Prince Shen(Sim) of Yang
- Reign: 1316–1345
- Coronation: 1316
- Predecessor: Wang Jang
- Successor: Wang Heun
- Died: 1345
- Wife: Princess Nullyun
- Issue: Wang Deoksu Wang Toghtua Bukha
- House: Wang
- Father: Wang Ja, Duke Gangyang

Korean name
- Hangul: 왕고
- Hanja: 王暠
- RR: Wang Go
- MR: Wang Ko

= Wang Ko =

Korean prince (fl. 14th century)

Wang Ko (Mongolian name: Öljeyitü (完澤禿); d. 1345), known by his Korean Royal title as Prince Yeonan and served in Yuan as King Shen of Yang, was a Goryeo Royal Family member as the son of Duke Gangyang and grandson of King Chungnyeol who became a nobleman in Yuan Dynasty and a potential competitor to King Chungseon (his half uncle) and King Chungsuk which favored him.

==Biography==
In 1314 when King Chungseon passed the throne to his son Ratnashri (King Chungsuk), Öljeyitü was installed as Crown Prince and sent to the Yuan court as a hostage by rule. However, when King Chungsuk fathered Buddhashri (King Chunghye), Öljeyitü forced to abdicate from crown prince, but King Chungseon transferred his post of King of Shen to him instead.

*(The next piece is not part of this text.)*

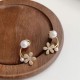 Elegant Gold Flower Earrings With Delicate Pearls image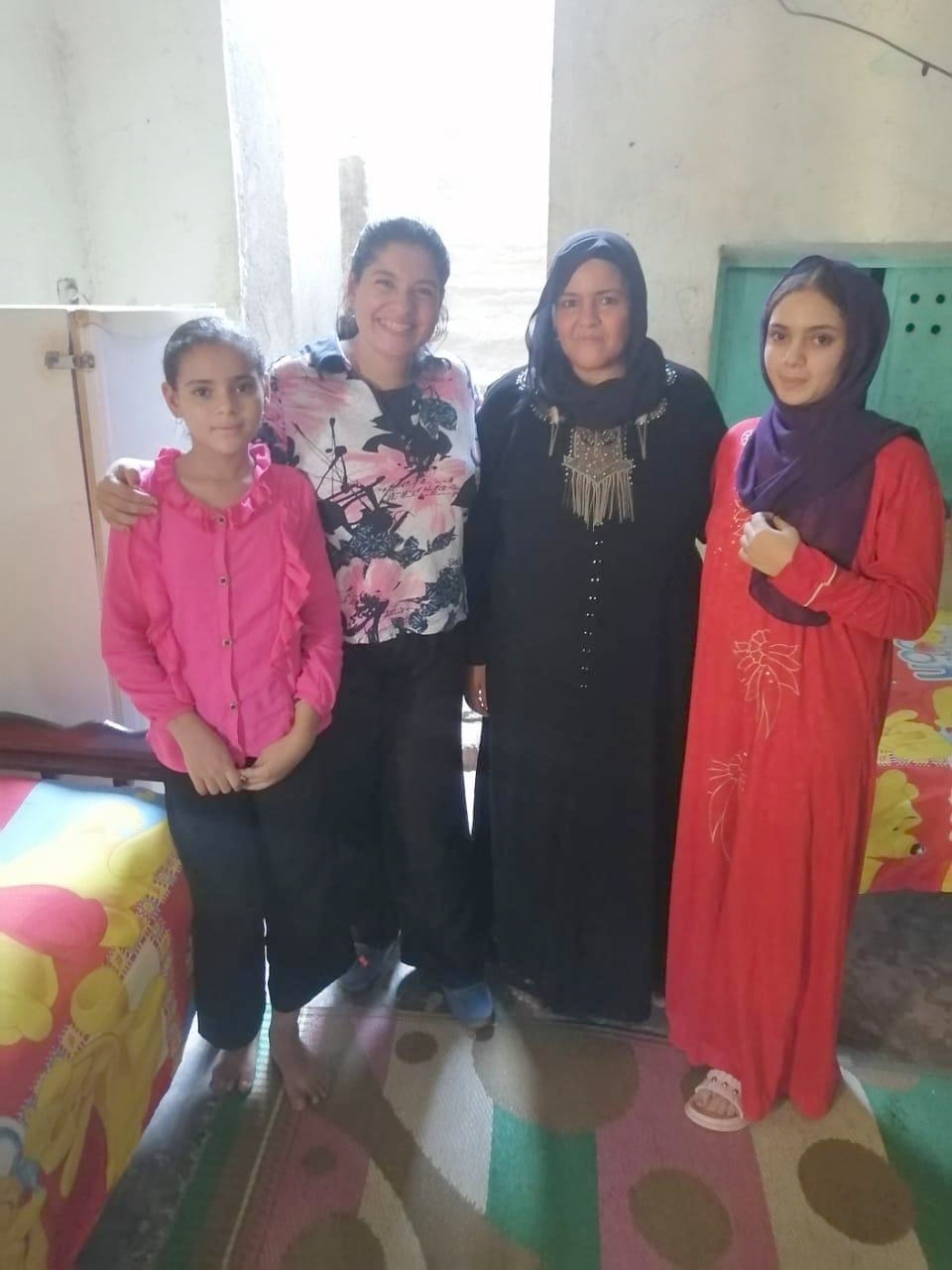 A group photo of three Nubian female villagers and their TCD teacher.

The title of King of Shen was originally given to King Chungseon by Khayishan (Külüg Khan) after his support of Khayisan's succession in 1307. Öljeyitü married with a daughter of Sungshan (松山 songshan), King of Liang (粱王) of the imperial family.

When Sidibala (Gegeen Khan) ascended to the throne in 1320, Öljeyitü began a campaign to become the King of Goryeo. By his scheme, the Khan banished Chungseon to Tibet in 1320 and interned King Chungsuk in 1321. However, Sidibala was assassinated in 1323 and Öljeitü's plan was aborted.

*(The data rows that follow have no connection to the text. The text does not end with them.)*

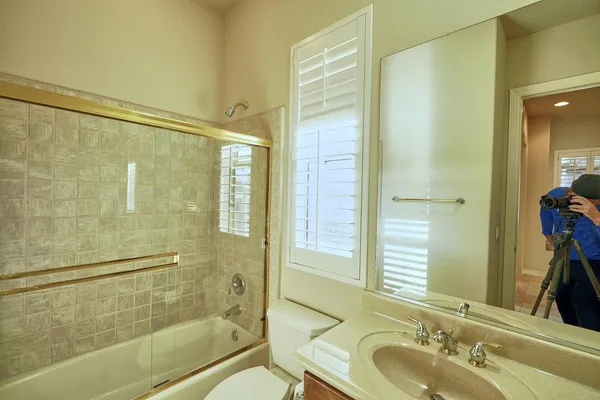 a view of a house with swimming pool and porch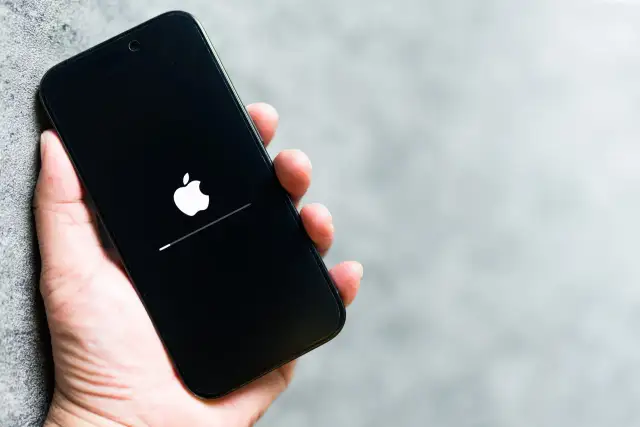 Dłoń trzyma iPhone'a z logo Apple i paskiem postępu. To może być wskazówka, jak wyczyścić pamięć w iPhone, gdy system się ładuje.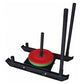 Black weight sled with red and green weight plates stacked on center post and two tall black vertical handles on white backgr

King Chungsuk, who was allowed to return to Goryeo in 1325, passed the throne to Buddhashri in 1330 but was reinstated after two years because Buddhashri was deposed by Yuan. In 1333 Öljeyitü reached a settlement with Ratnashri and returned to Goryeo.

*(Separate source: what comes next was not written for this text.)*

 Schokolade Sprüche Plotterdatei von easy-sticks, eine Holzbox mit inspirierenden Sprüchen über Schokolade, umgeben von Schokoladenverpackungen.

When King Chungsuk died in 1339, Öljeyitü try to wrest the crown again but was crushed by King Chunghye. However Bayan, who seized real power, hated Chunghye because he had friendly relations with El Temür, whose faction was purged by Bayan. Bayan imprisoned Chunghye in 1340. Immediately after that, Bayan was banished by his nephew and Öljeyitü's plot was stopped again.

King Chunghye was arrested in 1343 and died while being transported to Guangdong. Wang Ko acted as a king for a while. Padma Dorji (King Chungmok), Chunghye's little son, ascended to the throne after the death of Chunghye. Öljeyitü returned to Goryeo but died the next year.

In 1354 Öljeyitü's grandson Toghtua Bukha (脫脫不花) was installed as King of Shen. In 1356 Öljei Khutugh Khatun wanted him to become King of Goryeo but he refused the offer. When King Gongmin died in 1374, the Yuan Dynasty in Mongolia tried to appoint him again and a faction in Goryeo welcomed the plan, but it was eventually failed.

==Family==
- Father: Duke Gangyang (d. 1308)
  - Grandfather: Chungnyeol of Goryeo (1236–1308)
  - Grandmother: Princess Jeonghwa
    - Older brother: Wang Hu, Prince Danyang
    - Younger brother: Wang Hun, Prince Yeondeok
- Wife: Princess Nullyun (눌륜공주, 訥倫公主; d. 1328) – daughter of Songshan, Prince of Liang and a niece of Princess Gyeguk.
  - 1st son: Wang Deok-su, Grand Prince Gangneung
    - 1st grandson: Toktabuka, King of Sim (1310–1388)
    - 2nd grandson: Tegeubuka
    - 3rd grandson: Witabulhwa
  - 2nd son: Taltalcheopbona

==In popular culture==
- Portrayed by Lee Jae-yong in the 2013–2014 MBC TV series Empress Ki.